A cyber-attack has rocked the healthcare sector in Liverpool, UK, affecting three prominent healthcare organizations, including a children’s hospital. Alder Hey Children’s NHS Foundation Trust confirmed the breach, revealing that cybercriminals gained unauthorized access to data from Alder Hey Children’s Hospital, Liverpool Heart and Chest Hospital, and Royal Liverpool University Hospital.
The breach was first claimed by the ransomware group INC Ransom on November 28, stating that they had obtained extensive data from patient records, donor reports, and procurement data spanning from 2018 to 2024 from the Trust. The Trust immediately acknowledged the claim and initiated an investigation in collaboration with the UK’s National Crime Agency (NCA) and external partners.
According to the Trust, the attackers gained access to the data through an unauthorized entry into a digital gateway service shared by Alder Hey and the Liverpool Heart and Chest Hospital. This breach resulted in the unlawful extraction of data from the aforementioned healthcare organizations, with the extent of the compromised data still under investigation.
The Trust has warned that the attackers may potentially leak the compromised data before the investigation is concluded, highlighting the urgency of the situation. Despite the breach, hospital services at the affected locations are operating normally, and patients are encouraged to attend appointments as scheduled.
Efforts are underway to secure the impacted systems and prevent any continued access by the attackers. The Trust has also assured that they are following guidelines from the Information Commissioner’s Office (ICO) and will directly contact and support individuals impacted by the breach.
Commenting on the incident, Will Thomas, a SANS Instructor and CTI researcher, expressed concern over the severity of the attack but noted that it was reassuring that hospital services remained unaffected. He pointed out that IT systems remain a vulnerable point for the healthcare sector, as evidenced by previous ransomware attacks on the NHS by various cybercriminal groups.

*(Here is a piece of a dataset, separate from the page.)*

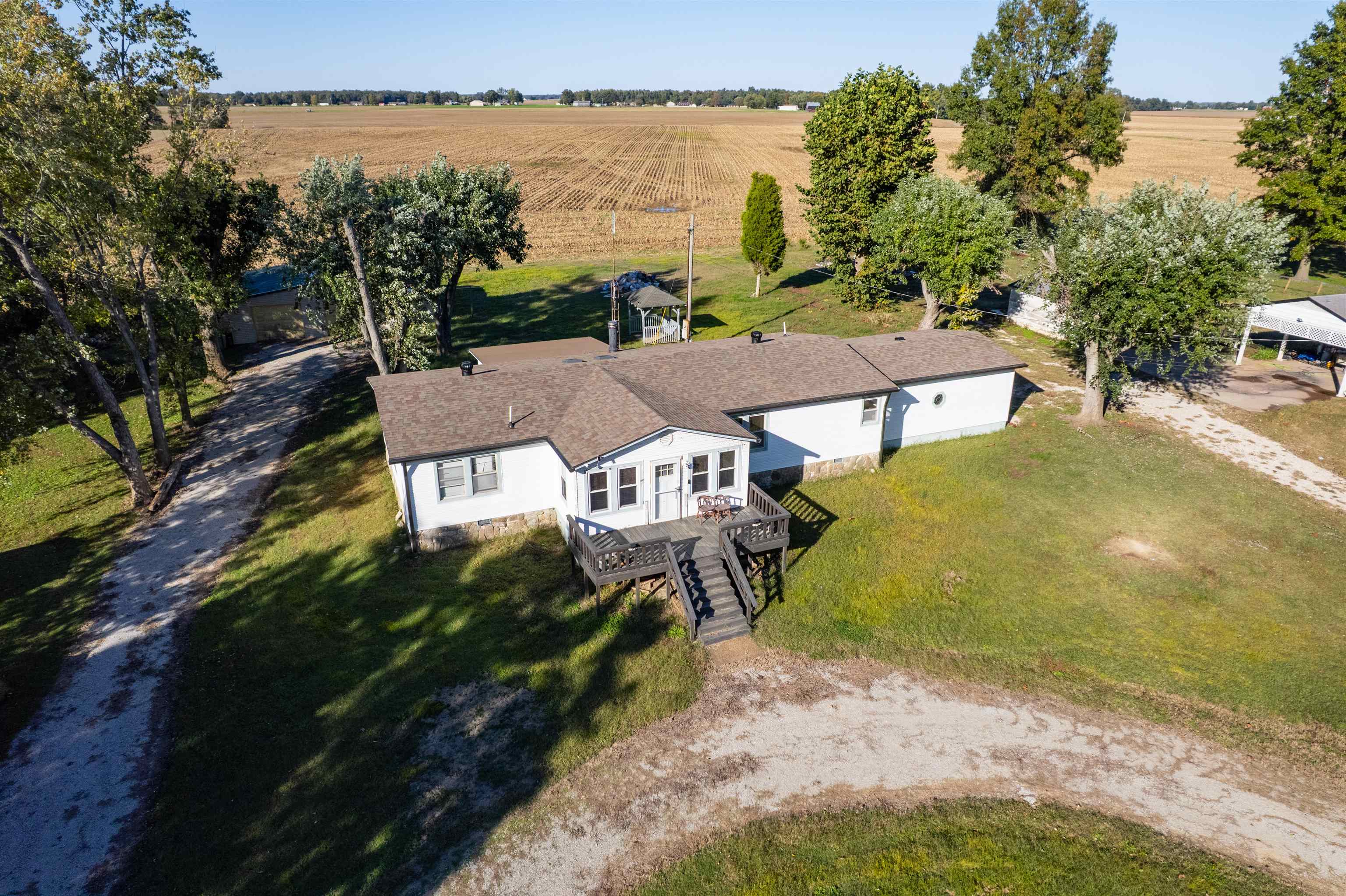 9285 Stanley-Birk City Rd, Owensboro, Kentucky 42301, 3 Bedrooms Bedrooms, ,2 BathroomsBathrooms,Single Family Residence,For Sale,Stanley-Birk City Rd,93361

The reference to a ‘digital gateway service’ in this incident aligns with the suspicion that the attackers initially gained access through the Citrix infrastructure. It is crucial for healthcare organizations to strengthen their cybersecurity measures to prevent such breaches in the future.
It is important to note that this incident is unrelated to a recent incident at Wirral University Teaching Hospitals in the same region. As investigations continue and security measures are enhanced, healthcare organizations must remain vigilant against cyber threats to safeguard sensitive patient data and ensure smooth operations.